### Dataset entries
• • • •
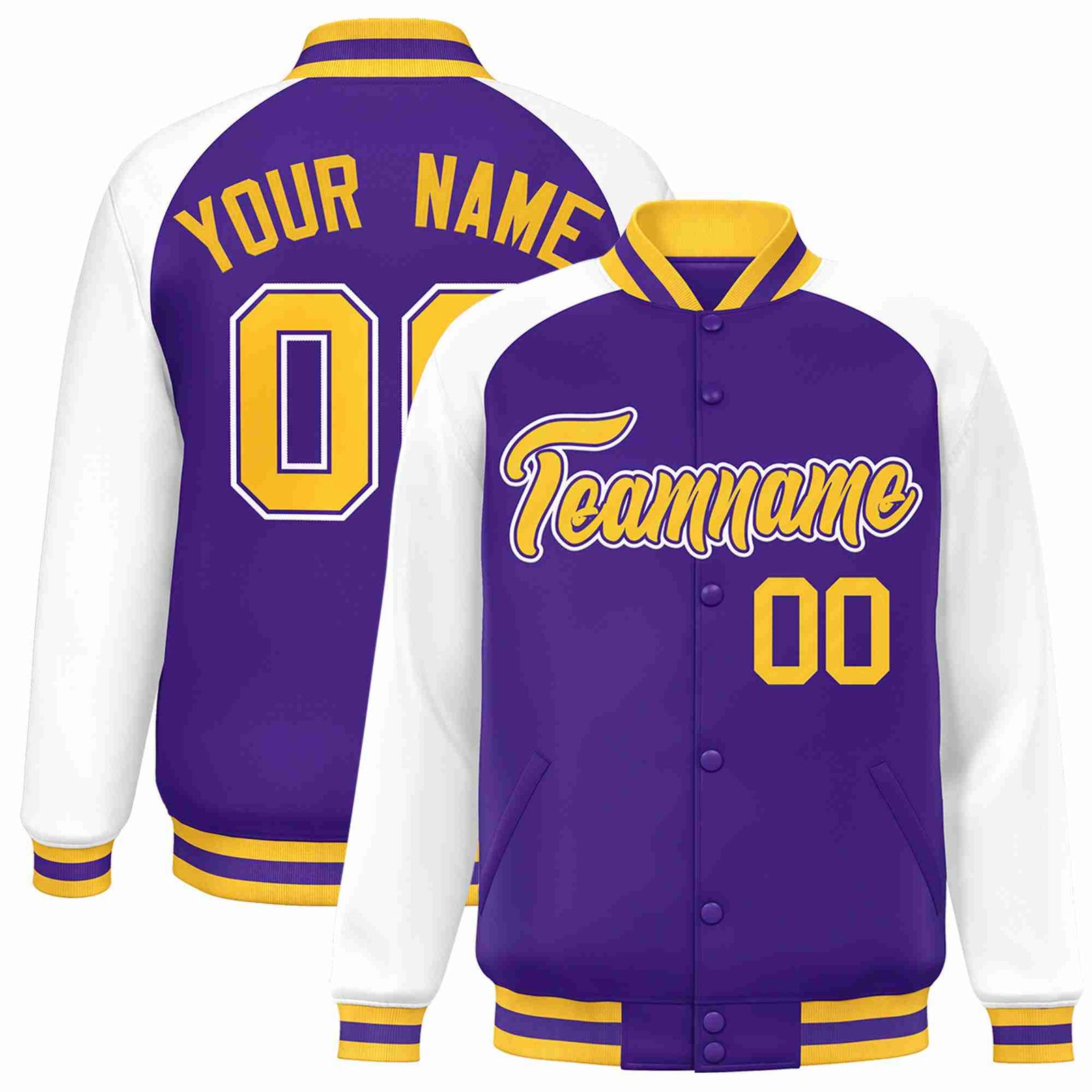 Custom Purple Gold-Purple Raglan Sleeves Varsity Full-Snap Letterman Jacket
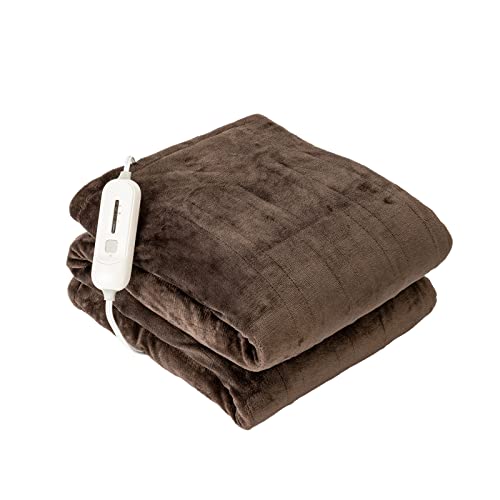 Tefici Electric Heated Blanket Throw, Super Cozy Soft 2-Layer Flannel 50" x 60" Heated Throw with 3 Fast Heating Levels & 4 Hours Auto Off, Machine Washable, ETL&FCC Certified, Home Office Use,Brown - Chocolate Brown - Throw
• • • •
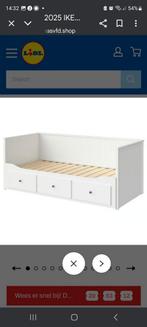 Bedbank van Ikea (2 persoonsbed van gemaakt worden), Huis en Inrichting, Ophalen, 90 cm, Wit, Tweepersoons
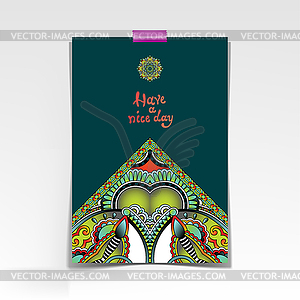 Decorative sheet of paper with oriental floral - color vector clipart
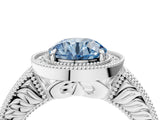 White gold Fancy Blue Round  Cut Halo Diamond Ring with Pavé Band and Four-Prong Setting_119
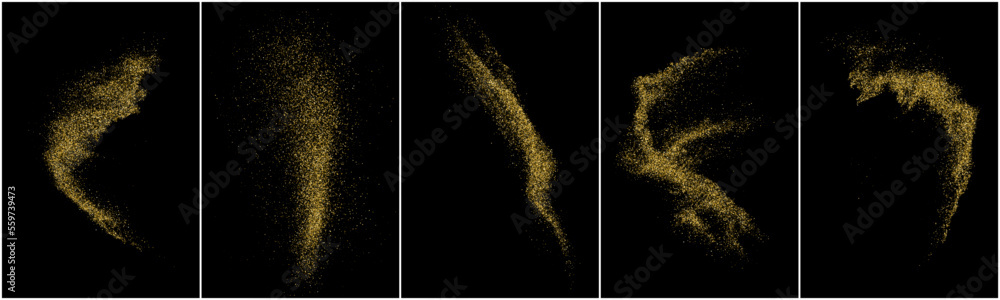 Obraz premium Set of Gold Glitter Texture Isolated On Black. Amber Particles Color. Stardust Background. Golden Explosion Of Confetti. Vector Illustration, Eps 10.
• • • •
Only the lines starting at the one that includes "Bedbank van Ikea" and ending at the one that includes "Obraz premium Set" should be retyped, exactly, from the records above; no pictures.

 Bedbank van Ikea (2 persoonsbed van gemaakt worden), Huis en Inrichting, Ophalen, 90 cm, Wit, Tweepersoons
 Decorative sheet of paper with oriental floral - color vector clipart
 White gold Fancy Blue Round  Cut Halo Diamond Ring with Pavé Band and Four-Prong Setting_119
 Obraz premium Set of Gold Glitter Texture Isolated On Black. Amber Particles Color. Stardust Background. Golden Explosion Of Confetti. Vector Illustration, Eps 10.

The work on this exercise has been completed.